STORED DATA:
------------------------------------------------------------

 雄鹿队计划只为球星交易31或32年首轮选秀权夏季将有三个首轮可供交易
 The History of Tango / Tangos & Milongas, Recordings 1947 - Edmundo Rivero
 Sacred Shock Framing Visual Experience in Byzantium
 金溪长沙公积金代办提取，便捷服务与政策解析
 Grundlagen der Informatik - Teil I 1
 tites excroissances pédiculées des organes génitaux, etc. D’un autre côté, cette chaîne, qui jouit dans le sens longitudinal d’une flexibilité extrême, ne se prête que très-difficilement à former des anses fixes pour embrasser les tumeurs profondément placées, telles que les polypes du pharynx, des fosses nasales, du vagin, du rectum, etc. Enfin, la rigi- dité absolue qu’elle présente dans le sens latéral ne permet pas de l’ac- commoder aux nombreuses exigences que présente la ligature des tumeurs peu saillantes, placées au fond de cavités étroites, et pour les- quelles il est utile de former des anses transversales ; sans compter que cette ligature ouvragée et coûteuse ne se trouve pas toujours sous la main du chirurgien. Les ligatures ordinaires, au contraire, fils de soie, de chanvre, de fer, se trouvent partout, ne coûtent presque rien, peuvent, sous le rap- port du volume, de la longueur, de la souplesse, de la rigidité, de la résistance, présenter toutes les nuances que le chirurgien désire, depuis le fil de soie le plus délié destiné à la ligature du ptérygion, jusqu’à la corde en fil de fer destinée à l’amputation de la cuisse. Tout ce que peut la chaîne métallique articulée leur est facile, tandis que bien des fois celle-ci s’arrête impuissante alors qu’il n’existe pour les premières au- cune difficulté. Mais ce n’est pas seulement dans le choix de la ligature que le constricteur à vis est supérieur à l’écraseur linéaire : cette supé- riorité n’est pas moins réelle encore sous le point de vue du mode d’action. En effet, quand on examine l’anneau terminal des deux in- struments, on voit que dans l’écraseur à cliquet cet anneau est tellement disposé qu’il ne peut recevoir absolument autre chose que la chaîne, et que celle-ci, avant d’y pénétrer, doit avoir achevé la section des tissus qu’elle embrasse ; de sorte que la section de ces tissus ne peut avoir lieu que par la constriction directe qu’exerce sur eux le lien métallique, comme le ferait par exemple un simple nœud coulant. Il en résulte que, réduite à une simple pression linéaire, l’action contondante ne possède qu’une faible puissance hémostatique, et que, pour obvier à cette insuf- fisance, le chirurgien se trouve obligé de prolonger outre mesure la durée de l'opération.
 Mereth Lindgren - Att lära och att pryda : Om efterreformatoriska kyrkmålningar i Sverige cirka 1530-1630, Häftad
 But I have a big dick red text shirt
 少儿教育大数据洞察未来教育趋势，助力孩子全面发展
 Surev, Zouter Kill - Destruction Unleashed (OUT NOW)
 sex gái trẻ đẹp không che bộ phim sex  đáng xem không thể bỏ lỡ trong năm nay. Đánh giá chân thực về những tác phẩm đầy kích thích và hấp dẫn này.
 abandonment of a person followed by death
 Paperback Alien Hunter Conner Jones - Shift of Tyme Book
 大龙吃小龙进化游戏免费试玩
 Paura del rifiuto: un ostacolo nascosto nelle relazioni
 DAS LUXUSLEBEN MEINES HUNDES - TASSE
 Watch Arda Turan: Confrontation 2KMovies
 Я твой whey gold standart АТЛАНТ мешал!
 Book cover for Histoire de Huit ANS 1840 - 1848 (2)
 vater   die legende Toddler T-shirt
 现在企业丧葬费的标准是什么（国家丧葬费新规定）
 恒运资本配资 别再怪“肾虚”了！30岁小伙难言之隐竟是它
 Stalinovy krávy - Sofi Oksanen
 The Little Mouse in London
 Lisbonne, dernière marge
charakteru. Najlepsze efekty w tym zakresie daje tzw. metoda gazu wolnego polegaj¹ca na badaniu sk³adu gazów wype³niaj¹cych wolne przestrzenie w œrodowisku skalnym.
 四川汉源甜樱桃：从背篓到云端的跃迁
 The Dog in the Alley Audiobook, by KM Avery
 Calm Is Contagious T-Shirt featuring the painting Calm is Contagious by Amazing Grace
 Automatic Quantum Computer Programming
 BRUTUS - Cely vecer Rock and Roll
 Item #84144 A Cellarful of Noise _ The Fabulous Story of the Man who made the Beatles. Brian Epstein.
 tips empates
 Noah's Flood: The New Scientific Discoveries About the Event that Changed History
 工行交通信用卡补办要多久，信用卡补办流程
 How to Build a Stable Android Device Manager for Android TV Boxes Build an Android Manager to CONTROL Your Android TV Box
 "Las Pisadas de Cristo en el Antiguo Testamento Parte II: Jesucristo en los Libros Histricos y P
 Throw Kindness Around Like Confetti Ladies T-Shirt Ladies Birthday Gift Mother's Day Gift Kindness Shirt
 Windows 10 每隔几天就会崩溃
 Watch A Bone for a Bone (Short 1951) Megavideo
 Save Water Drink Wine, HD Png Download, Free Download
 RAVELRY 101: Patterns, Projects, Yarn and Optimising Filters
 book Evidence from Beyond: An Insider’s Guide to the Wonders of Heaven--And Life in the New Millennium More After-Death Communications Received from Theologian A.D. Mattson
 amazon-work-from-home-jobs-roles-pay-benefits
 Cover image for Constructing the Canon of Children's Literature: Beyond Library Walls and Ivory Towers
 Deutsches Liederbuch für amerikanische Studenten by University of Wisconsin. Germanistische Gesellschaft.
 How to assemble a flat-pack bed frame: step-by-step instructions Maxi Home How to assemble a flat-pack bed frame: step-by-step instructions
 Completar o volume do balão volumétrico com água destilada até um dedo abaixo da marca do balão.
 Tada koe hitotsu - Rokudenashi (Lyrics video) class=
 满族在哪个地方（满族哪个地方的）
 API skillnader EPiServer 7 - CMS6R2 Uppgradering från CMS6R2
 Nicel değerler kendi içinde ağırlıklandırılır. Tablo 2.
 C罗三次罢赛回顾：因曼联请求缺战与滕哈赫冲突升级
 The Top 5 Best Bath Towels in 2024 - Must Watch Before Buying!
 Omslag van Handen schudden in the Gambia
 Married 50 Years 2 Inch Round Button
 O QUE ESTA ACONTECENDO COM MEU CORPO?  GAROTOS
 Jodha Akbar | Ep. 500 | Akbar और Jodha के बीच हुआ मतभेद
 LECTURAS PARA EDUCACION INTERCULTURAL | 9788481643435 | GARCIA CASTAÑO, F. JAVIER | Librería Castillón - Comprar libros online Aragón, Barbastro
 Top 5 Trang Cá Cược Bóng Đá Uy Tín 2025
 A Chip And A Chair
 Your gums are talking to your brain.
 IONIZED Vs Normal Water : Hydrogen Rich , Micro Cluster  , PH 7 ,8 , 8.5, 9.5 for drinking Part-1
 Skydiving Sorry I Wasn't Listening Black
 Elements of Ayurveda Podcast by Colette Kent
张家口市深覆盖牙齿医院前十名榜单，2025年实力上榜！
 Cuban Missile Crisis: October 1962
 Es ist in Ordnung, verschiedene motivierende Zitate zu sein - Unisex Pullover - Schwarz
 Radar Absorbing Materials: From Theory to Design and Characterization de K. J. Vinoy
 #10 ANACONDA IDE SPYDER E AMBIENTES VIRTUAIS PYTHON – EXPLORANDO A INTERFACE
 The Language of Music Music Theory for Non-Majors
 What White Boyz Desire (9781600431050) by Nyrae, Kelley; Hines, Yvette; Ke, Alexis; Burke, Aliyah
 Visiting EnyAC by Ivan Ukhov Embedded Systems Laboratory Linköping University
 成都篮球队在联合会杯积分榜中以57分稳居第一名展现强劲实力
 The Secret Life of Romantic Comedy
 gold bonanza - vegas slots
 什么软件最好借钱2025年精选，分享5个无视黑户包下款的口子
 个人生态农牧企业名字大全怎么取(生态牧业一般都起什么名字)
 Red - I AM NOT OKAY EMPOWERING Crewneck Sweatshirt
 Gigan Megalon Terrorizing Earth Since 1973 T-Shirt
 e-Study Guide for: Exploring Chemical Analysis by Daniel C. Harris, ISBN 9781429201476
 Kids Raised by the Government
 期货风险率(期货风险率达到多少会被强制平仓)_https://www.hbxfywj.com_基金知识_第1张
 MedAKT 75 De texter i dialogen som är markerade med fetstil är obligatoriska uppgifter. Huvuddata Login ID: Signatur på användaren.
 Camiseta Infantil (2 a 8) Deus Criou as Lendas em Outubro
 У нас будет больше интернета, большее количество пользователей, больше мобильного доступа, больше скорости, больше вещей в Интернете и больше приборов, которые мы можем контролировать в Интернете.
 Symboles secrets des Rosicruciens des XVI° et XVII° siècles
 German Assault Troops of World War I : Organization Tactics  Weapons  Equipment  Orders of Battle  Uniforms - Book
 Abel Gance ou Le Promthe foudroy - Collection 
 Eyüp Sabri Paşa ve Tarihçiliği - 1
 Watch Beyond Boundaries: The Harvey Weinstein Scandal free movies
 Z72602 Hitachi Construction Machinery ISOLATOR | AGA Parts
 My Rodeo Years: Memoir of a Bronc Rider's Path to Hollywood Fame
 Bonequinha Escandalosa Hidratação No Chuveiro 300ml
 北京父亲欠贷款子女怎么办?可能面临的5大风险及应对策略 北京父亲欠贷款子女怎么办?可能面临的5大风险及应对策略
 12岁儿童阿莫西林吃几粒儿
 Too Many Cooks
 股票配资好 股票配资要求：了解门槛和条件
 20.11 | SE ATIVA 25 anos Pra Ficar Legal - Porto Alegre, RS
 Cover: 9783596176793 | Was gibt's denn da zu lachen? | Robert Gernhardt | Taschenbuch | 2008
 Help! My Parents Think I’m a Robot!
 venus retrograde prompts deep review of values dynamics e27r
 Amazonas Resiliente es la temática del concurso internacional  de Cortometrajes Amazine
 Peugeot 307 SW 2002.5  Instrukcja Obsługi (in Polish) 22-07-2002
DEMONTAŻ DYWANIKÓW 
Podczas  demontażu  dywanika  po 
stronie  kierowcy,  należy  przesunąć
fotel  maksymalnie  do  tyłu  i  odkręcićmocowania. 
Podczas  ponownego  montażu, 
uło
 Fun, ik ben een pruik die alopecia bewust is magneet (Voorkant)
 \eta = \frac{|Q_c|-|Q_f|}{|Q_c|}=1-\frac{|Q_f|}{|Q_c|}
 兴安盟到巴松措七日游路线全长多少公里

------------------------------------------------------------

Search the entries for the word "Watch", then copy every line in which it is found.

 Watch Arda Turan: Confrontation 2KMovies
 Watch A Bone for a Bone (Short 1951) Megavideo
 The Top 5 Best Bath Towels in 2024 - Must Watch Before Buying!
 Watch Beyond Boundaries: The Harvey Weinstein Scandal free movies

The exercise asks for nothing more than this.